In a milestone, India and the European Union (EU) have hailed the conclusion of the India-EU Free Trade Agreement (FTA) while launching a ‘Comprehensive Strategic Agenda’ for 2030. Among other measures, the pact moves beyond supply chains to operationalise joint R&D in advanced semiconductor “heterogeneous integration” and chip design. It also formally links the European AI Office with India’s National AI Mission to jointly develop safe, human-centric AI and take advantage of what the agreement called India’s vast “multilingual datasets” and Europe’s research infrastructure to secure strategic autonomy in critical technologies.
The AI and semiconductor aspects represent the maturation of three diplomatic phases.
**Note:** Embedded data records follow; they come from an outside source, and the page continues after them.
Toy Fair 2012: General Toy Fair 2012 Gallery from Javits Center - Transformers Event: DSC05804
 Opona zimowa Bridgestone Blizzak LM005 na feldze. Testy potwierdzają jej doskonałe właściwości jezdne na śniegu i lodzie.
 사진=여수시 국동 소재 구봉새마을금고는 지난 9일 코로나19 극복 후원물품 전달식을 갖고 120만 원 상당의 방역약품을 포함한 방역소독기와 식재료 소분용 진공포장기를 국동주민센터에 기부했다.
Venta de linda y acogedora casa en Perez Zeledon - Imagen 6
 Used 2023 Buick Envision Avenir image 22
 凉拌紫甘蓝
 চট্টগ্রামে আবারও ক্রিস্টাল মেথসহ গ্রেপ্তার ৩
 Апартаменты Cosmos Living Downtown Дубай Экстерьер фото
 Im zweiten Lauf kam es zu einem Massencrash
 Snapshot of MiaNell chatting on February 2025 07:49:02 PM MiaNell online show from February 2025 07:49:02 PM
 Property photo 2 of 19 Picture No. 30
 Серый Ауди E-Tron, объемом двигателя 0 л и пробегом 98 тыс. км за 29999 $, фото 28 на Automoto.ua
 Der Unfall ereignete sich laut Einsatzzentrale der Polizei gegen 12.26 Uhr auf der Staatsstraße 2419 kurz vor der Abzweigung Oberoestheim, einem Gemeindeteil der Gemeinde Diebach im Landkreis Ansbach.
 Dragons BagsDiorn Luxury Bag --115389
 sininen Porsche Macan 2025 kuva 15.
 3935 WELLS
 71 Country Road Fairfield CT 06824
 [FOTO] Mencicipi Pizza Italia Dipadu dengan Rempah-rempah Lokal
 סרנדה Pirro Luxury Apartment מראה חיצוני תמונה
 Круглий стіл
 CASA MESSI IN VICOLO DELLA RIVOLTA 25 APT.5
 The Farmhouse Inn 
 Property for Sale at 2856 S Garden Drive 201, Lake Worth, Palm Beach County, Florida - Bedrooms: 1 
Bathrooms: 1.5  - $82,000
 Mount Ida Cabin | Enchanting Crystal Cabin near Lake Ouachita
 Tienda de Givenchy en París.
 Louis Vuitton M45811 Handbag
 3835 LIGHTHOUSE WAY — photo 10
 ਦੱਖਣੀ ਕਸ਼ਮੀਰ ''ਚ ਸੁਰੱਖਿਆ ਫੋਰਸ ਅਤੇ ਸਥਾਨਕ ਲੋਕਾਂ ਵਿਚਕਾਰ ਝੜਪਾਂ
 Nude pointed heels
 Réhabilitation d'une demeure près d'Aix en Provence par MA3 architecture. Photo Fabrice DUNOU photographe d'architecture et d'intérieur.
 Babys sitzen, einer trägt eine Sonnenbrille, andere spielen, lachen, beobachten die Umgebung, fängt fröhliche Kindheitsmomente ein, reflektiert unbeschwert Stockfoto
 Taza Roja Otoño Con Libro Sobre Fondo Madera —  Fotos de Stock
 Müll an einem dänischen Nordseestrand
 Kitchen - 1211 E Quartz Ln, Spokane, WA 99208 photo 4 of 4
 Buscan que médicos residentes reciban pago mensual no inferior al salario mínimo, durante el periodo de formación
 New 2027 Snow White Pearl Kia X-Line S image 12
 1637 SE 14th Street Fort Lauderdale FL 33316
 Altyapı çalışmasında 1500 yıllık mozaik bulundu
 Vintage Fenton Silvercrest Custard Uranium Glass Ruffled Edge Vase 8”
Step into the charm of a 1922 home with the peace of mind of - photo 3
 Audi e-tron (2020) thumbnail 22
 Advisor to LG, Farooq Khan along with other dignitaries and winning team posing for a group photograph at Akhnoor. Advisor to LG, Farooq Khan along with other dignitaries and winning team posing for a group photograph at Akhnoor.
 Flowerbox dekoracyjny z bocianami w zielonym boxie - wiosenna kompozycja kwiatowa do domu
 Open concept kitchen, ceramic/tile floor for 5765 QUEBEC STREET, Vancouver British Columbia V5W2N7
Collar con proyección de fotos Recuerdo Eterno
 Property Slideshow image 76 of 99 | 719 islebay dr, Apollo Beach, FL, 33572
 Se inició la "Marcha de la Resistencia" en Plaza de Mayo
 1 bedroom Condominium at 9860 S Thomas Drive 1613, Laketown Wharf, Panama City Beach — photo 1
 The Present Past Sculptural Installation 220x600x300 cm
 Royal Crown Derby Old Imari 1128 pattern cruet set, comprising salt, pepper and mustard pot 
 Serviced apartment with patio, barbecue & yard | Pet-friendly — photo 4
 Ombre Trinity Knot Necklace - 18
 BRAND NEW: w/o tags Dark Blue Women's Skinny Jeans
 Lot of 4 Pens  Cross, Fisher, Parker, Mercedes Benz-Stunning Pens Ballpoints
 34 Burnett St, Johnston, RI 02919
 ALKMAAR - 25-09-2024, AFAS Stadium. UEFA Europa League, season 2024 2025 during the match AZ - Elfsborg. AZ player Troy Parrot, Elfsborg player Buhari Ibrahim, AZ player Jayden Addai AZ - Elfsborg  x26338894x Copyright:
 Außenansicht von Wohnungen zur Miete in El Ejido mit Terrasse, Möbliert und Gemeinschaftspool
The first phase began with the ‘India-EU Strategic Partnership: A Roadmap to 2025’. At this stage, discussions on “technology” were largely confined to general matters of cybersecurity, 5G networks, and data protection and there was no specific mechanism for a more concrete collaboration between the bloc and India on hardware such as semiconductors, or specific AI model development.
In the second phase, around 2022, Prime Minister Narendra Modi and EU President Ursula von der Leyen launched the India-EU Trade and Technology Council. This body in turn created the Working Group 1 on Strategic Technologies, which moved the relationship from diplomacy to involving technical experts. In fact the new deal has credited this group with managing its “technology and innovation” aspect.
In the third and final phase, in 2023, India and EU signed the Semiconductor Memorandum of Understanding (MoU). This MoU was primarily defensive in the sense that it focused on improving the resilience of supply chains and on providing early warnings of shortages. Between 2023 and the present deal, the MoU evolved into a more ‘offensive’ partnership, so to speak, with a focus on creating new technologies, including through designing and prototyping, in addition to monitoring existing supply chains.
Perhaps the most significant technical detail in the document is “heterogeneous integration” because it recognises that India is years away from building cutting-edge logic fabrication facilities, for example, those that manufacture chips with nodes of 2-3 nm, and thus pivots to “advanced packaging”. Heterogenous integration involves stacking different types of chips, such as logic, memory, and sensors, into a single package. Such combinations are critical for AI. Contemporary AI accelerators like Nvidia’s Graphics Processing Units (GPUs) bank more on how memory is packaged next to the processor instead of only the raw transistor size. By targetting this, the EU and India are trying to capture the value-added segment of the supply chain that is also less capital-intensive than a fabrication facility but which is just as critical for performance.
The agenda also explicitly connects semiconductor manufacturing to AI utility as the text says the deal will focus “on design and prototyping for AI applications”, thus creating a vertical market. While in 2023 the focus was on “making chips for cars”, following a crisis in their availability, the new goal is to make chips that AI models require.